*Collected data*
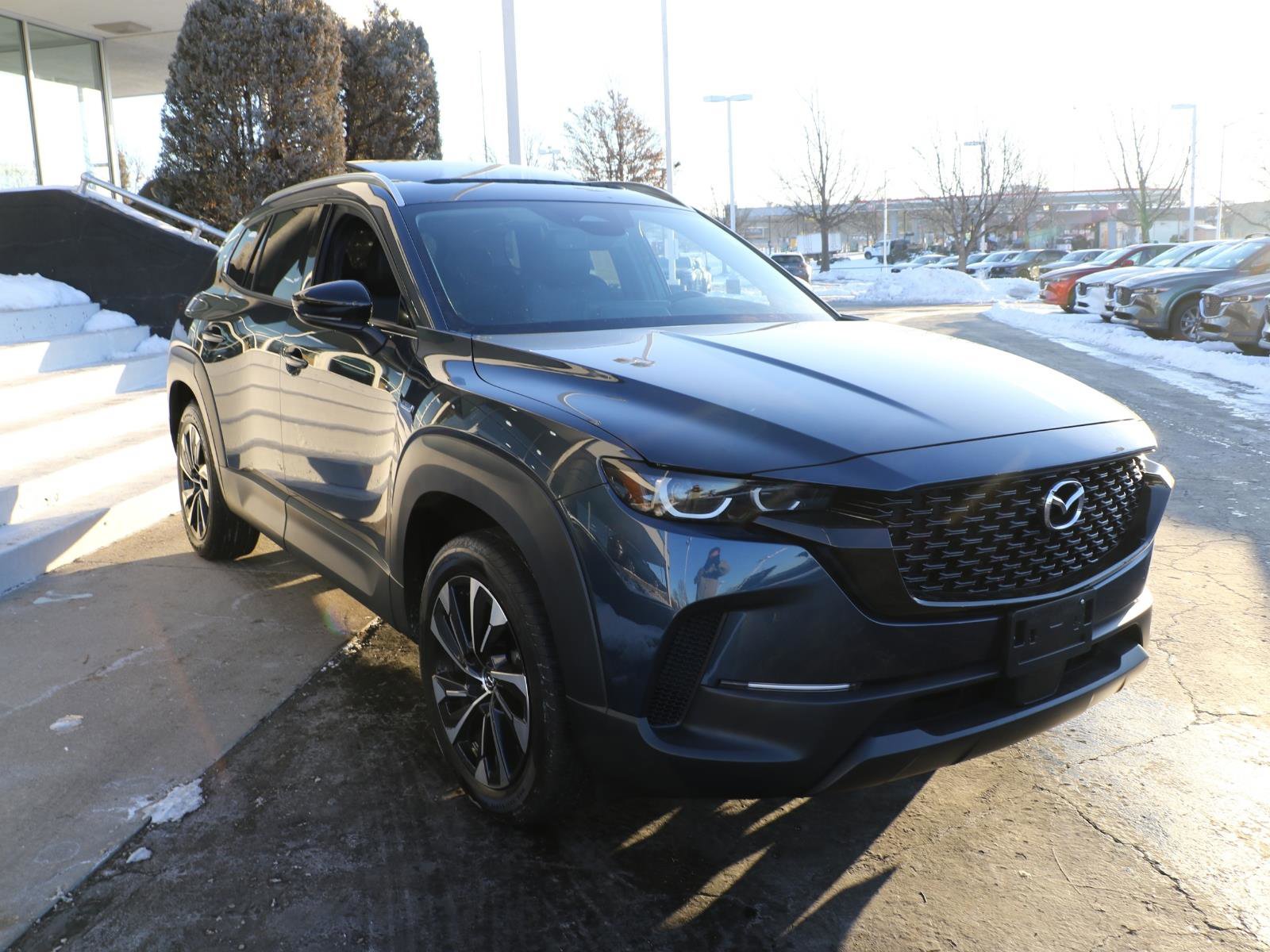 Certified 2025 MAZDA CX-50 2.5 Hybrid w/ Premium Plus Pkg image 6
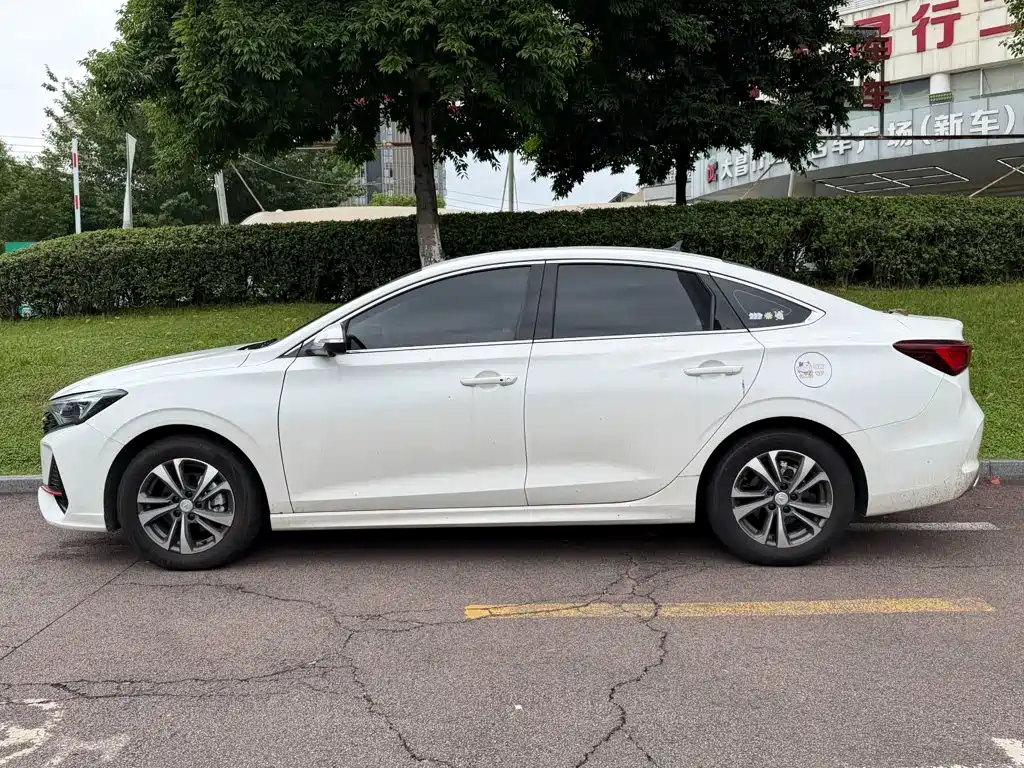 Changan Eado — миниатюра 3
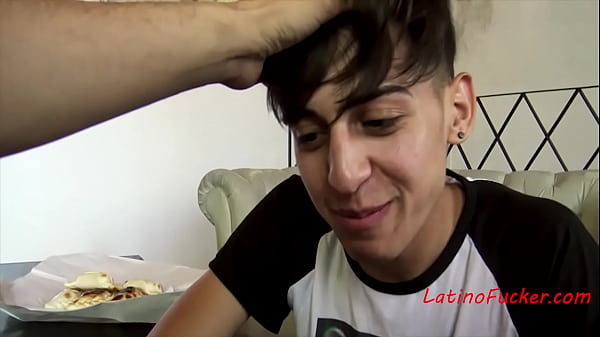 1000 pesos for a gay blowjob and anal sex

*What you have to do*
Restate the material word for word; no picture should appear in the copy.

*Response box*
 Certified 2025 MAZDA CX-50 2.5 Hybrid w/ Premium Plus Pkg image 6
 Changan Eado — миниатюра 3
 1000 pesos for a gay blowjob and anal sex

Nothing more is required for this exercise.